Customer relevance; does anyone get it?

The theme of this year’s Canadian Telecom Summit in Toronto (the 7th annual) was maintaining relevance for the customer.

The Canadian Telecom Summit is the pre-eminent Canadian telecom event that brings senior executives, carriers, manufacturers, regulators, integrators and enterprise professionals and the channel partners together. The Summit certainly provided a forum for the broad section of suppliers, customers, regulators and other stakeholders to exchange views, share ideas, network and plan for the future.

The co-produced by Mark Goldberg and Michael Sone did a first class job of bringing the top industry professionals from IT, telecom carriers and manufacturers together to educate and inform us as to their future views of the industry. We were sorry we could not attend all of the sessions to be able to provide the highlights. We do encourage folks to attend the Telecom Summit next year, which is again to be held in Toronto June 15, 16, 17, 2009.

It was interesting to listen to the various IT and telecom leaders provide their thoughts and views of the future, the competitive landscape and where they think their companies fit it.
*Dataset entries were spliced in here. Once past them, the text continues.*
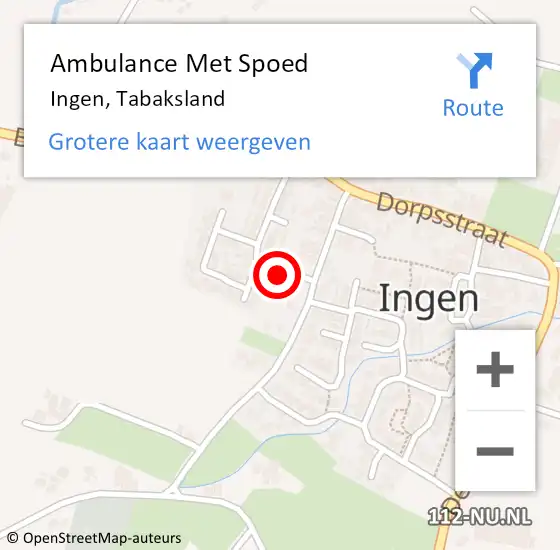 Locatie op kaart van de 112 melding: Ambulance Met Spoed Naar Ingen, Tabaksland op 21 maart 2022 13:21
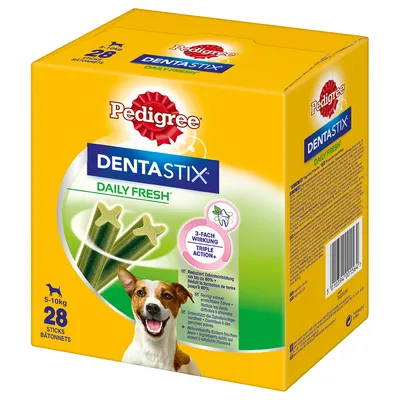Pedigree Dentastix Daily Fresh, 28 Sticks für Hunde von 5-10kg. Reduziert Zahnsteinbildung bis zu 80%. Mit 3-fach Wirkung: Reinigung, Frischer Atem, Zahngesundheit.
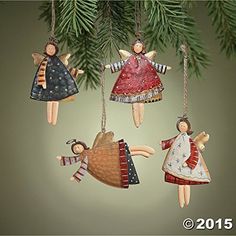 three christmas ornaments hanging from a pine tree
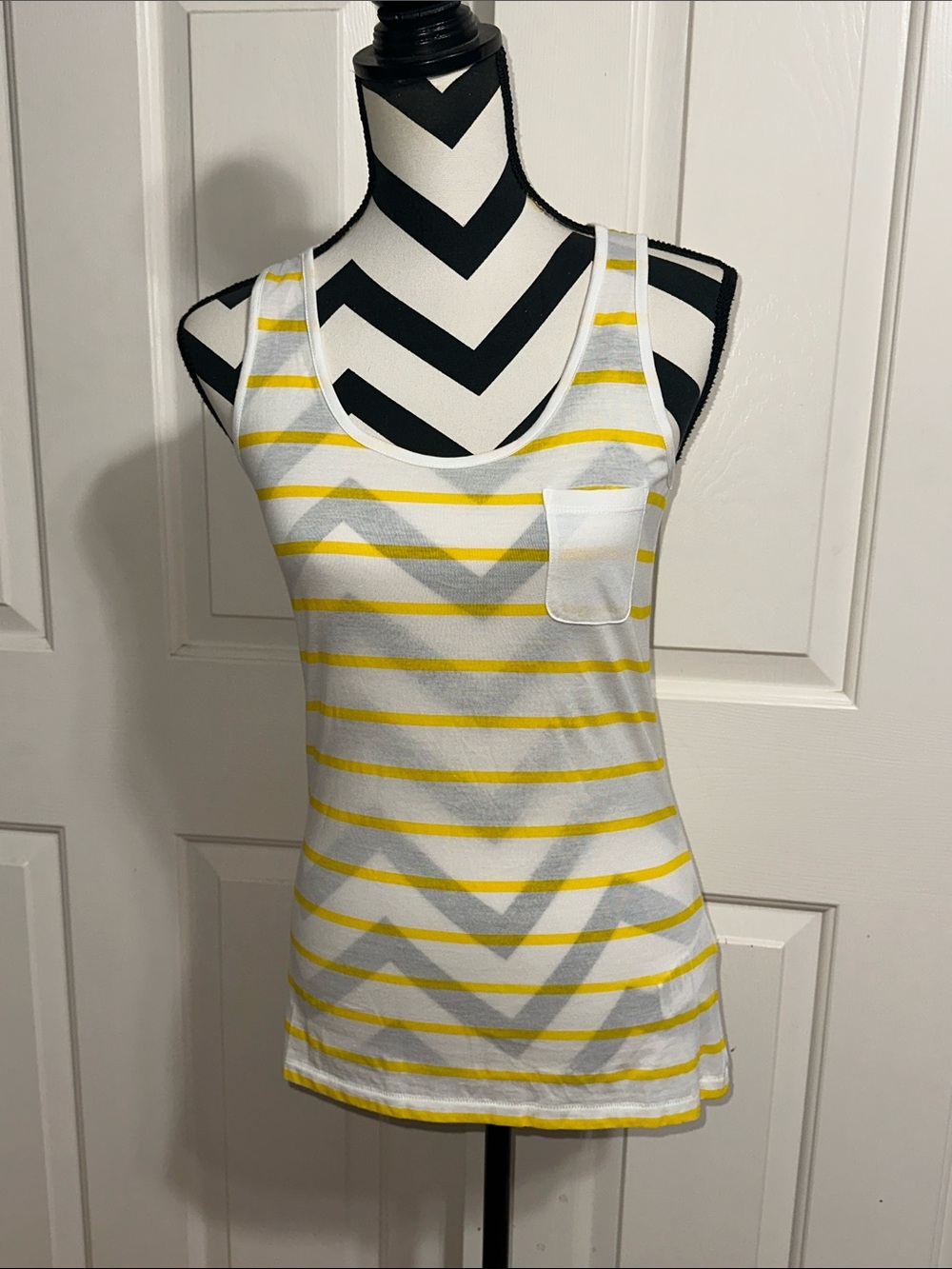 Barbour Yellow and White Striped Pocket Tank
We found it particularly interesting to hear from new participants that we believe had not participated in past conferences; and particularly from the new industry areas.
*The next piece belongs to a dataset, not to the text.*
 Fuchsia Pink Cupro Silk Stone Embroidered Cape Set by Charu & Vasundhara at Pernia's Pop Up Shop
During the three day conference, some of the new presenters discussed:

Media/entertainment industry discussing content and intellectual property rights management.
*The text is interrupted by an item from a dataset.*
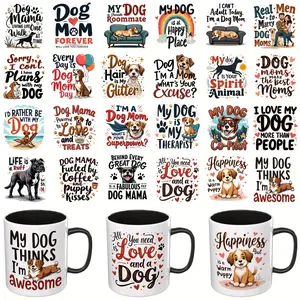 24pcs/Set UV DTF Stickers for Mugs, Dog Mama Pattern Design UV DTF Transfer, Suitable for DIY And Glass Crafts Stickersr (Only UV Wraps, Sold Not Mugs)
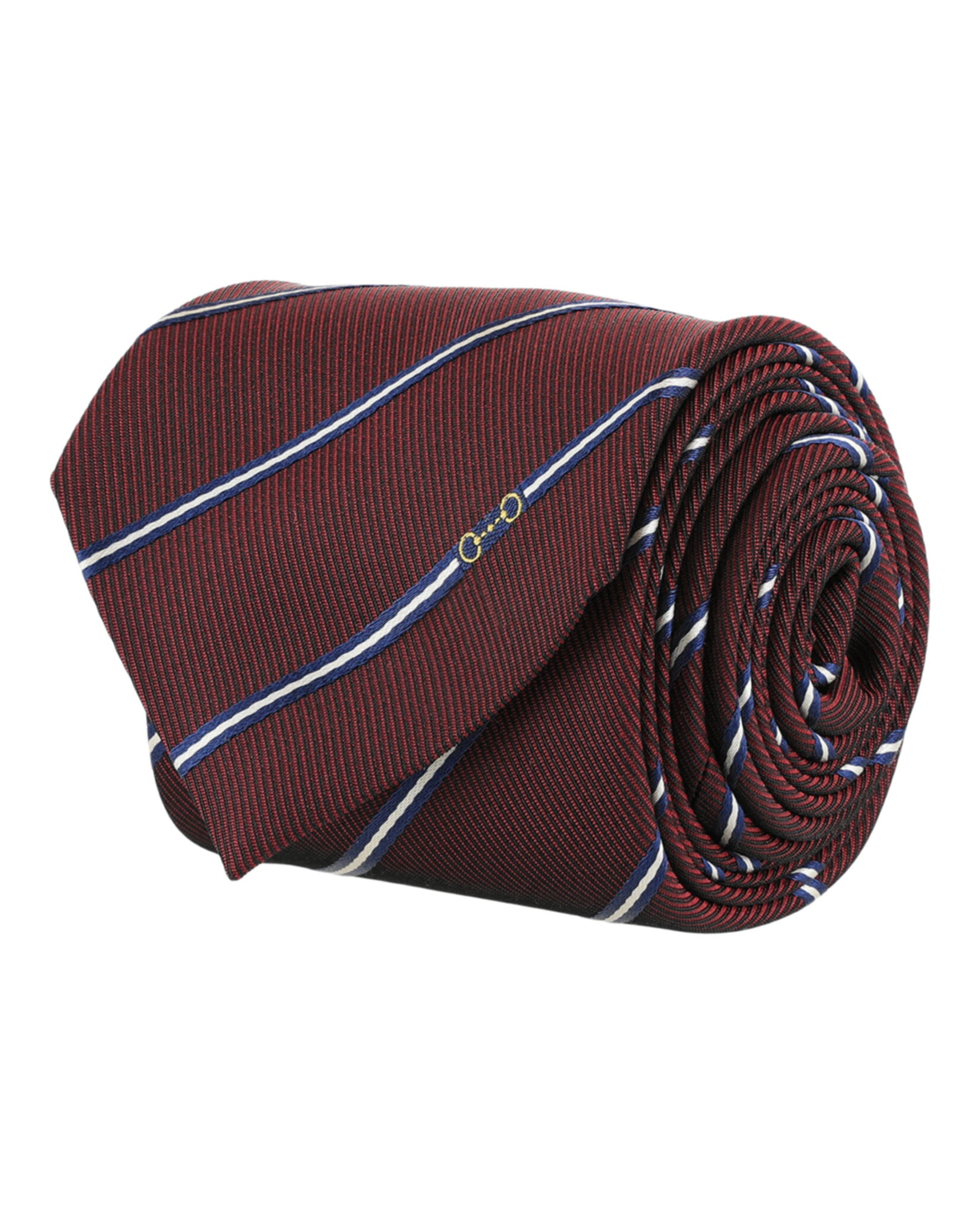 Gucci Mens Striped Horsebit Silk Jacquard Tie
Hosted voice providers discussing the trends in hosted solutions.

International offshore telecom providers and integrators discussion international trends in off shoring and partnering.

An international delegation from Israel interested in discussing working with Canadian corporations and suppliers to grow revenue across international boundaries.

From our anecdotal observations, it appeared that there were, (as expected), the usual mature telecom industry professionals, but it also appeared that there were more young professionals than in previous years. This seemed to be true whether they were customers or suppliers. Many of them came from the IT side of their businesses, rather than traditional telecommunications, and when we talked to them, it was either their first time or a relatively new trend to attend this type of conference.

Some of the main Canadian suppliers and providers from past conferences did not participate, either as presenters or attendees. (not quite sure why, and we welcome your thoughts and feedback on this topic).

The participants felt that the telecom industry is in an accelerated rate of change through a murky crystal ball.

Alliances, co-operation and co-petition continues, but with different players.

In spite of the theme of the conference that Goldberg and Sone strived to have the presenters focus on, we in fact, heard very little about relevance to us as customers, and most disappointing, that the industry still continues looking at things from their own viewpoint, rather than ours as customers.

What do we think this all means to the Telecom and IT industry?

From our multiple 1-on-1 interviews, attending key note sessions and talking to multiple conference participants, it appears that the Telecom Industry continues to genuinely try to be committed to us as customers, but is not quite sure how to go about doing it.

The Industry also continues to struggle with the ever accelerated pace of technology change; financial, market and regulatory pressures; and even changing competitive landscape where companies are sometimes their ‘business partners’ while still being ‘fierce competitors’.

What do we think it all means to us as telecom and IT customers?

The 2008 Conference Board of Canada study comments on Canada’s decrease in productivity and their thoughts about the linkage to Information Communications Technology slowed innovation.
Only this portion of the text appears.